Everyday is a winding road. *SC*

Wednesday, March 24, 2010

Go Figure

I taught two lessons at a charter school last week for a class assignment. Something struck me as a little funny a couple days later. I struggled for so long in classrooms that the thought of ever "teaching" was the equivalent of saying I scored a 30 on my ACT. But I felt very natural in the classroom. I walked around the classroom while explaining the different types of violence (that was the lesson). I didn't stutter a bit and the students were raising their hands at will. I asked a couple students to put their earphones away and they did without rolling the eyes or asking why.

Sports were always natural for me but being in that classroom was pretty darn close. I didn't worry about the time and I let the students share their stories and opinions.

I was taken back while the class was working on a vocabulary crossword puzzle. I was very open with inviting the class to ask for help and a student took me up on it. He was having difficulty with the definitions of a few words.

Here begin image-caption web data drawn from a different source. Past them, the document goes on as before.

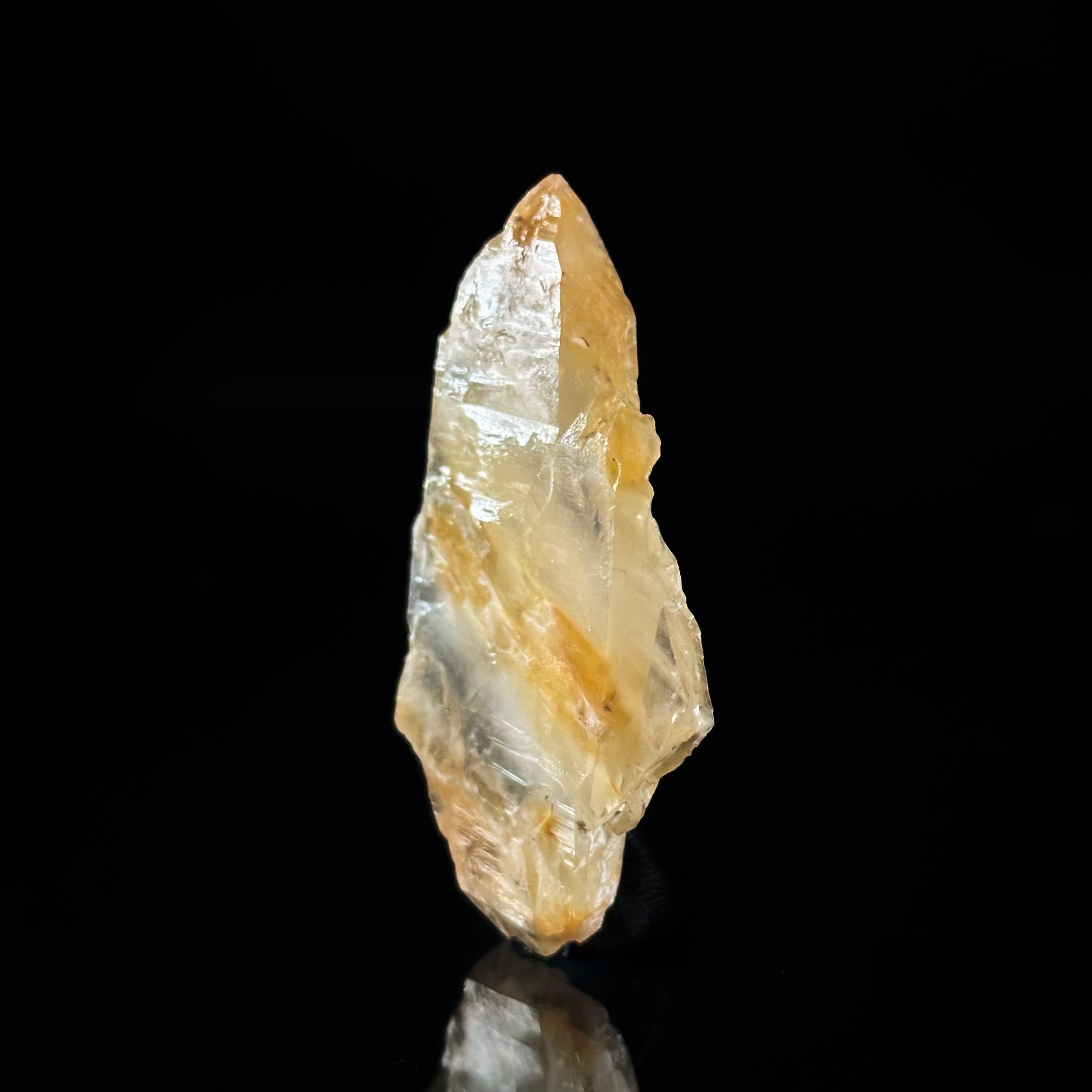 Quartz with Asbestiform Mineral Inclusions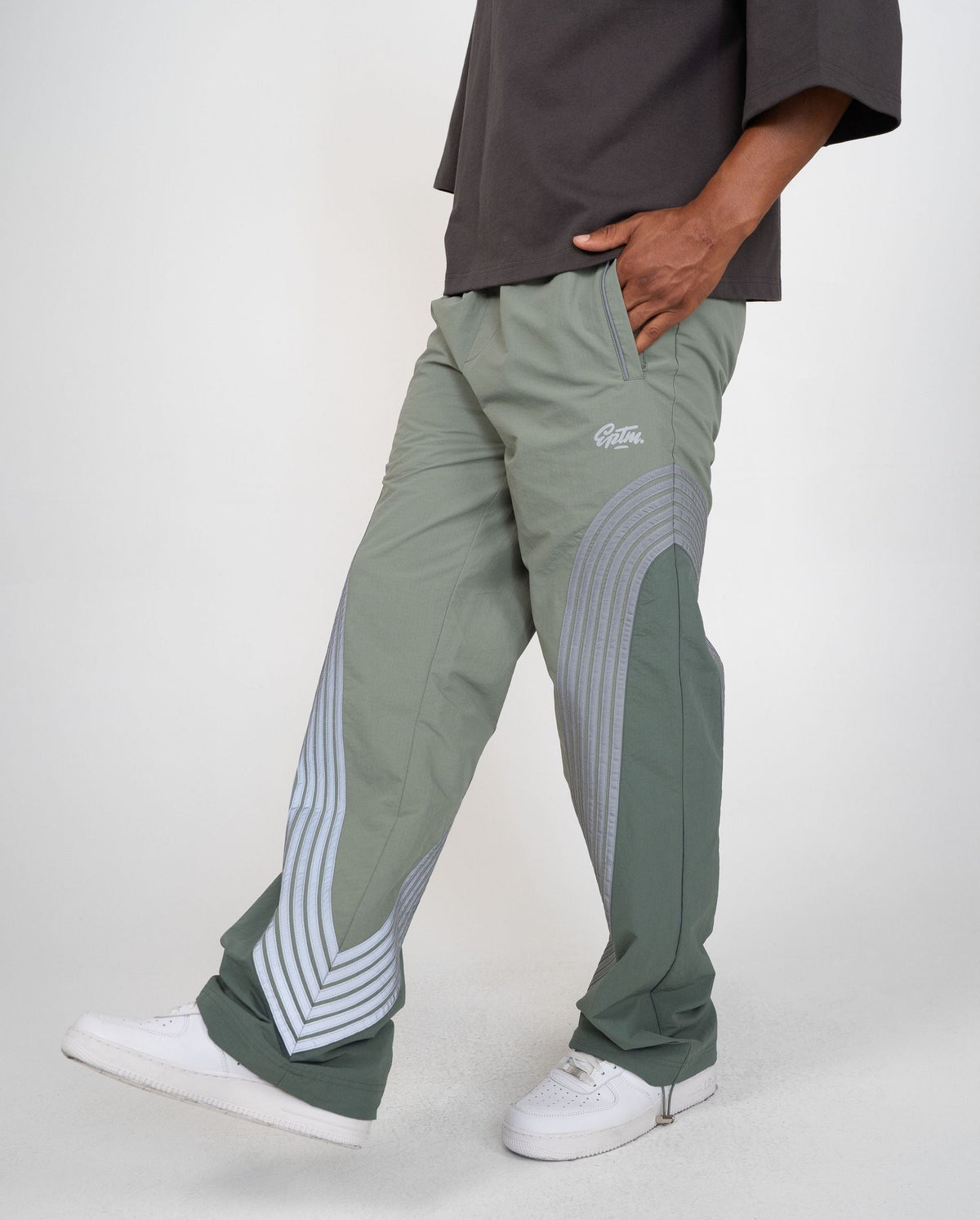 EPTM - Highway Pants - Sage — front view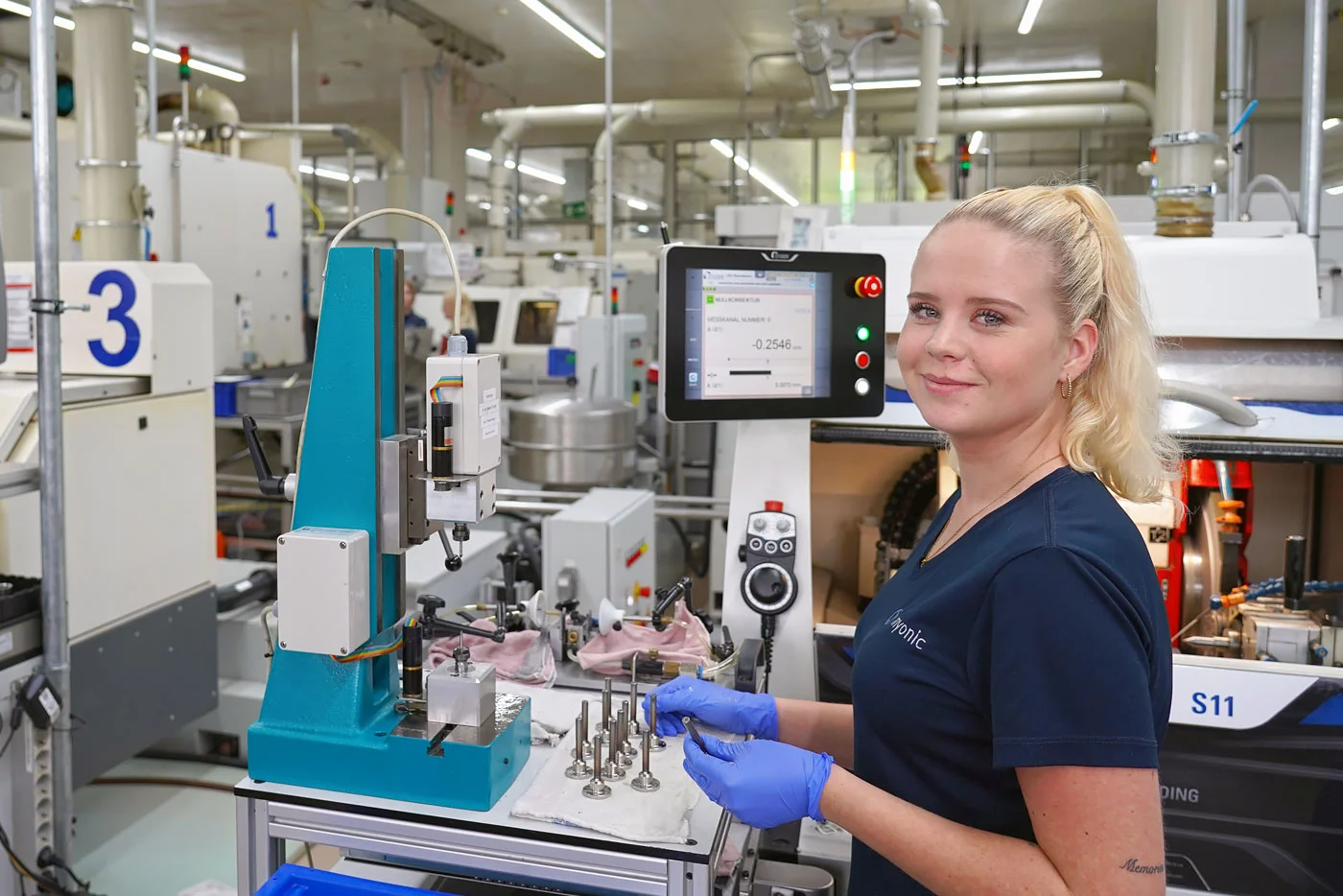 myonic 無塵室生產設施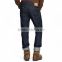 Biker Jeans Blue Denim jeans pantalon (LOTK051)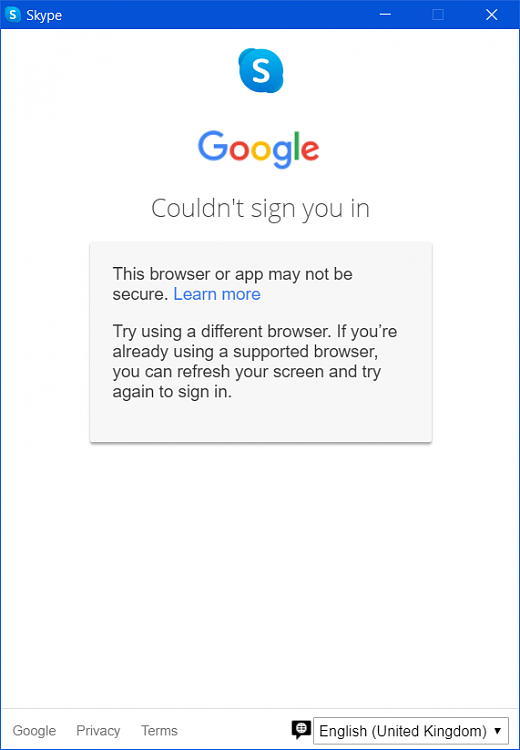 Skype - Couldn't sign you in-cant-sign-skype.png
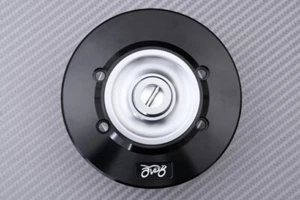 Titanium Quick Release Petrol Cap + Key BMW K1600GT K1600 GT 2011-2014 - Picture 1 of 10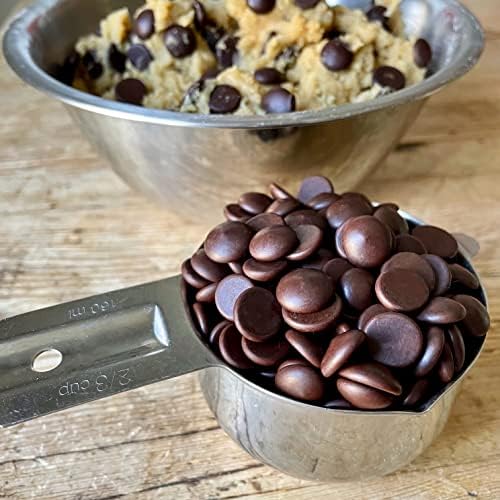 Nibble Simply 81% Dark Madagascan Chocolate Chips | Vegan & Low Sugar 1kg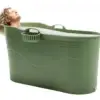 Bath Bucket XL - Basic, Sage Green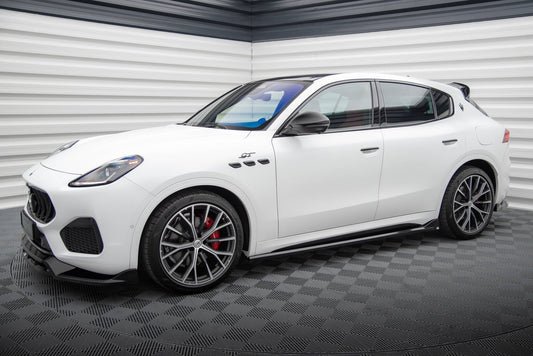 Side skirts diffusers maserati grecale gt / modena mk1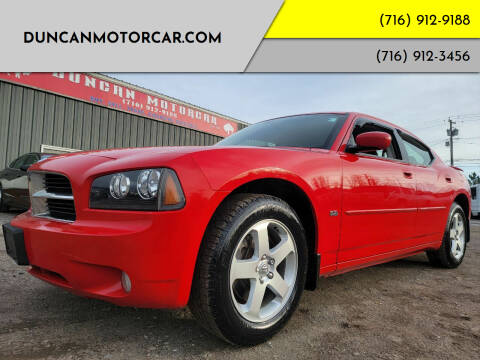 2010 Dodge Charger for sale at DuncanMotorcar.com in Buffalo NY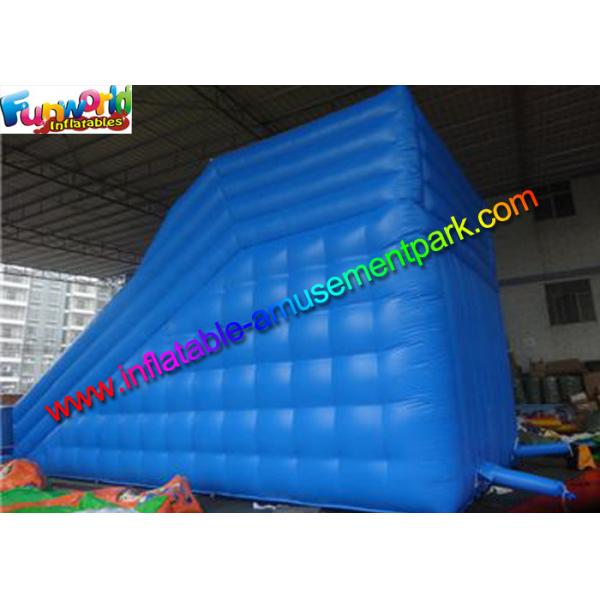 Прочное раздувное скольжение пандуса Zorb игр спортов для людской завальцовки шарика хомяка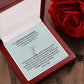 To My Bonus Daughter Necklace, Christmas Gifts For Bonus Daughter, Stocking Stuffers For Teenage Girls, Chosen Family, Stepdaughter Gift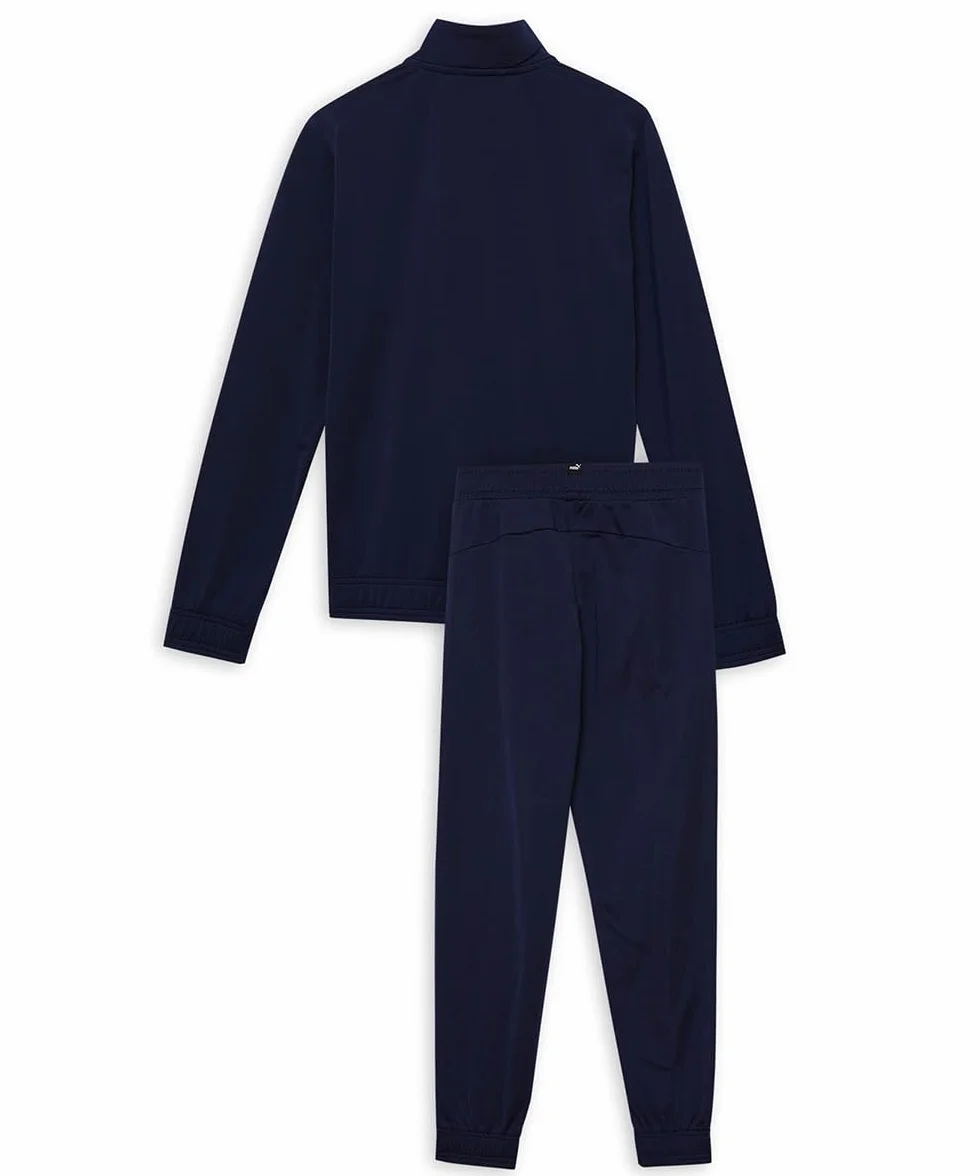 PUMA Poly Suit Cl B Tracksuit Chłopcy,Peacoat,152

I instantly warped back to middle school while walking over to help him. I was ALWAYS needing help in school but I was always afraid to ask. I pulled up a chair and started to explain the differences between the vocabulary words. He was really trying but just coming up a little short. He didn't know the definition of "stereotype" and he appeared to be a little embarrassed about it. I quickly mentioned a few examples of a stereotype. He instantly picked out the right meaning and filled in the boxes. He just needed a little explanation and he was on his way. That situation was awesome.

Students should never be embarrassed or ashamed to ask questions. Any teacher who inflicts guilt on a student should be out of the classroom. Go and take the power trip elsewhere.

Yes, I will never be the perfect teacher. I will have my good and bad days but I will never sacrifice a student's will to learn. I have yet to meet anybody who has learned anything without asking questions.